Input character	Git error
Uppercase letters	Branch created but inconsistent with tooling
`(`, `)`, `/`, `:`	Branch name parsing failures in some git versions
Names > 60 chars	Unwieldy; can hit filesystem path-length limits
Trailing `.` or `-`	`git check-ref-format` rejects them

Solution: Sanitization Pipeline¶

Step 4 now runs task_description through a shell pipeline before constructing the branch name:

newlines → spaces
→ strip leading/trailing whitespace
→ lowercase
→ replace invalid chars ([^a-z0-9_.-]) with hyphens
→ collapse consecutive hyphens
→ truncate to 60 characters
→ strip trailing hyphens and dots
→ validate with git check-ref-format --branch
→ fallback to {prefix}/issue-{n}-task if invalid

The resulting slug is inserted into the branch name as:

{prefix}/issue-{issue_number}-{slug}

Example transformations:

`task_description`	Branch slug
`Fix login bug`	`fix-login-bug`
`Fix authentication bug\nThis affects oauth`	`fix-authentication-bug-this-affects-oauth`
`Add User Authentication`	`add-user-authentication`
`fix: auth/login (oauth2)`	`fix-auth-login-oauth2`
`fix_login_bug`	`fix_login_bug` (underscore preserved)
`bump version 1.2.3`	`bump-version-1.2.3` (dot preserved)
120 'a' characters	`aaaa...` (truncated to 60 chars)
`!@#$%^&*()`	fallback `{prefix}/issue-{n}-task`

Fallback Behavior¶

If the sanitized slug is empty or fails git check-ref-format --branch, the branch name falls back to:

{prefix}/issue-{issue_number}-task

This ensures step 4 never blocks the workflow due to a pathological task_description.

Security Note¶

The task_description value is always passed via a named environment variable ($TASK_DESC), never interpolated directly into the shell command string. This prevents shell injection from attacker-influenced task descriptions.

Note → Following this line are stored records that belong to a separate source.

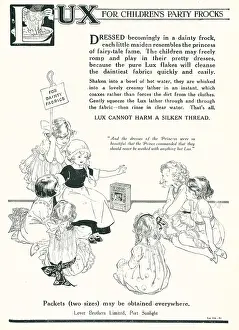 Beneficial: Lever Brothers Lux Advertisement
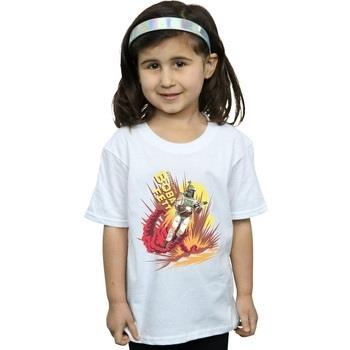 T-shirt enfant Disney Boba Fett Rocket Powered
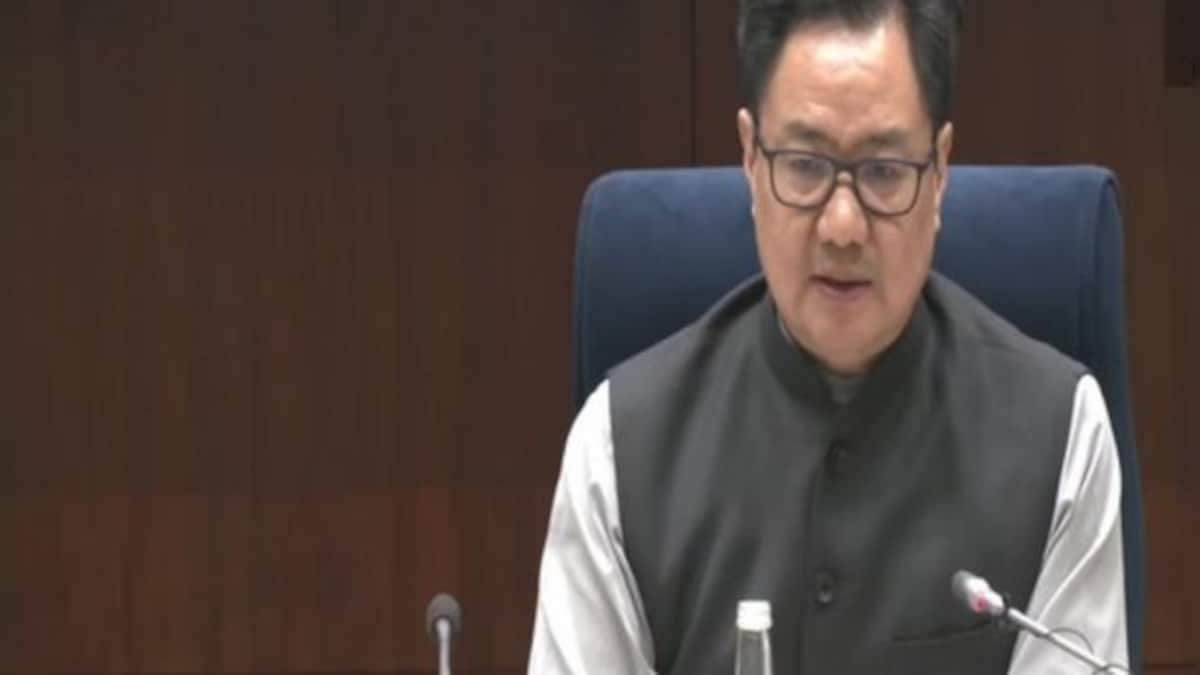 Legal terminology to be made available in regional languages in searchable format: Law Minister Kiren Rijiju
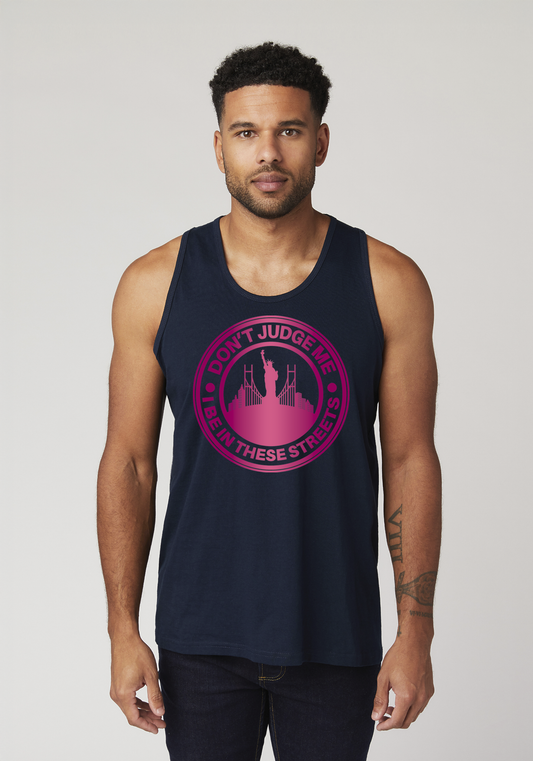 Navy Men's Tank Top - The City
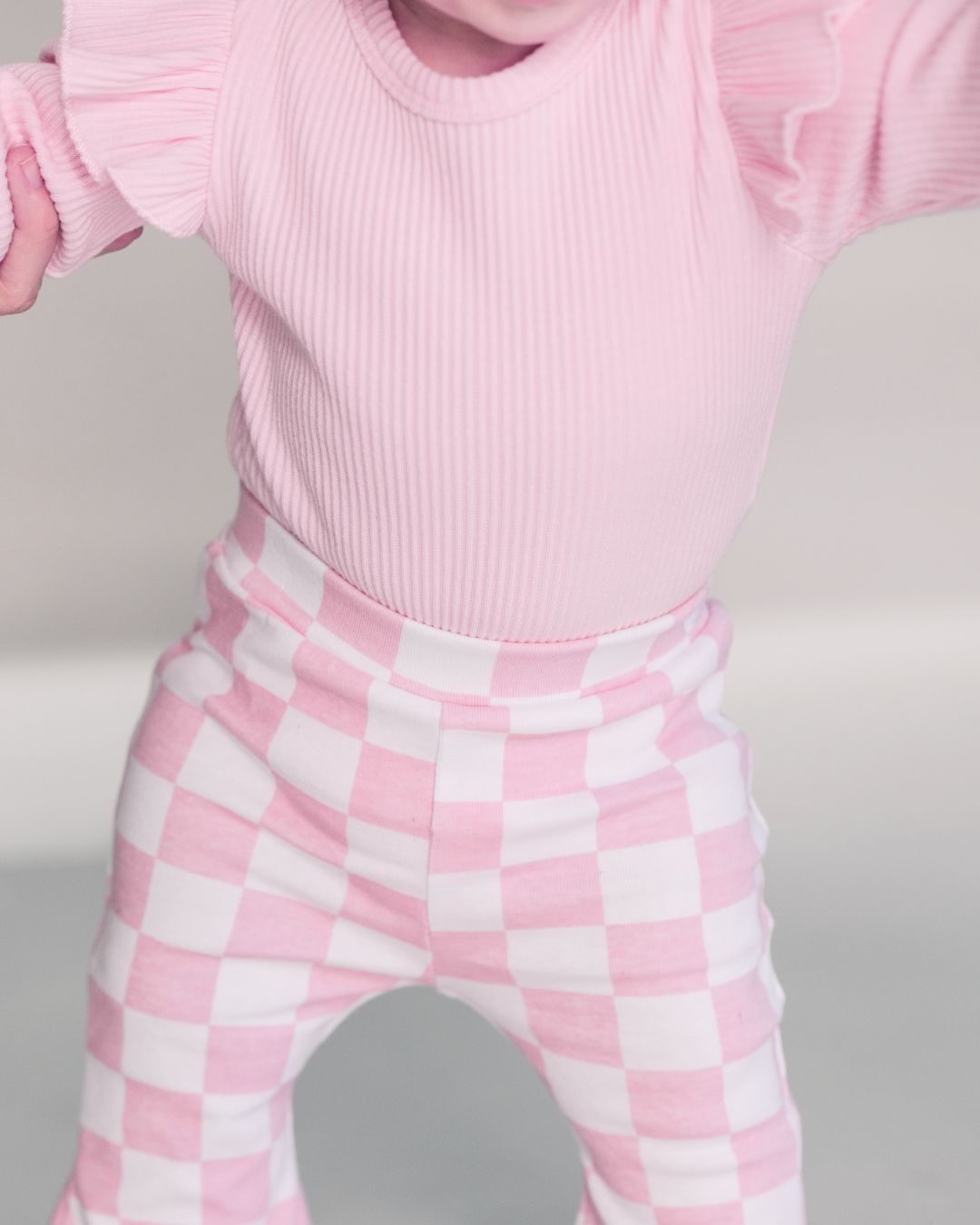 Flutter Sleeve Baby Bodysuit | Pink - Mack & Harvie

Default Workflow Reliability¶

Problem¶

Two default-workflow helper recipes used to encode assumptions that are not true for every repository or execution environment:

workflow-worktree treated origin/main as the only valid worktree base. Repositories whose default branch is master or develop failed before implementation work could start.
workflow-publish wrapped its gh publish and PR shell paths in inline timeout/gtimeout commands. Those wrappers duplicated recipe-runner timeout control and made command failure handling harder to reason about.
PR body generation assumed design-spec context was always present. Under set -u, a missing design_spec or DESIGN_SPEC value could fail the shell before gh pr create was invoked.

Worktree Base Selection¶

workflow-worktree resolves the remote base ref in this order:

origin/HEAD
origin/master
origin/develop

origin/HEAD is resolved through Git and accepted only when its symbolic target verifies as a remote-tracking ref under refs/remotes/origin/. That target may be origin/main, origin/master, origin/develop, or another remote default branch configured by the repository. If origin/HEAD is missing or invalid, the workflow checks the explicit fallback refs in order.

The first valid ref is used as BASE_REF. The corresponding branch name is used anywhere the workflow needs a human-readable base branch label. The workflow no longer requires origin/main to exist.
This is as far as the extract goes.